Well, I started at Herman Miller in 1970.
I was the first internal graphic designer the company hired.
I said, I'll stick it out for a couple of years, see what I can learn.
Now it's 44 years.
The company picnics, there were sporadic things, and then mid-40s they become an annual tradition.
The year was 1970.
They said, do you think you might be able to do a poster for it?
I could design a poster, but we could also print a poster.
I had to learn about screen printing because I was in the Peace Corps,
teaching at the government trade school for girls in the Hama, Nigeria.
I felt I should teach something that might be useful when I graduate.
I got a few screen printing books.
It was easy. All you need is a frame, fabric stretched over it, not squeegee.
I like the smell of the ink, cutting the stencils, the saturation of the color.
It's the physicality.
Why do people like to plant vegetables, dig in the dirt, see things grow?

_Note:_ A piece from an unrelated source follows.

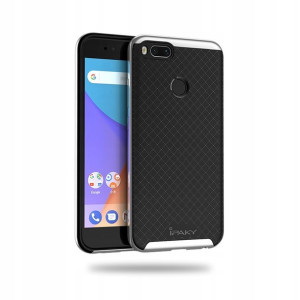 Etui IPAKY Bumblebee Xiaomi Mi A1 pokrowiec srebrn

Because you just do it for the joy of doing it.
John was the pressman.
He was the lead dog.
He printed each one, all 20 of them.
He'd look at every poster as it went through the press, up the conveyor into the dryer.
He just trusted the guy that he's going to do a good job.
Everybody's looking for it. What's he going to do this year?
Seven layers salad.
How do I draw this stuff?
I get some peas, some celery, and I get some carrots.
Dice them and put them on the Xerox machine.
Those became my patterns.
Boy, what a tour de force.
One of those popular things that people bring to potluck sellers.
Ice cream cone was one of my favorites.
Drips, fingers around a cone.
They really deconstructed the type, so they became chips of chocolate.
I scattered them all through the ice cream.
When I got the letter, you've been accepted into the collection of the Museum of Modern Art, New York.
Giddy is the word that I was. It was cool.
MoMA was the first to put several in their collection.
They got a fair amount of press.
People liked them.
We decided to reprint the first one because it really has become iconic.
I knew it only had three colors. We could get it done in a day.
I mean, you know, it's a nice posture.
It's a sequence of events.
One color at a time.
And then that last one goes on, and it's better than you imagine.
I'm most proud of the picnic posters.
I mean, you see all 20 on a wall. It looks nice.
If something sticks out, that's all I could hope for.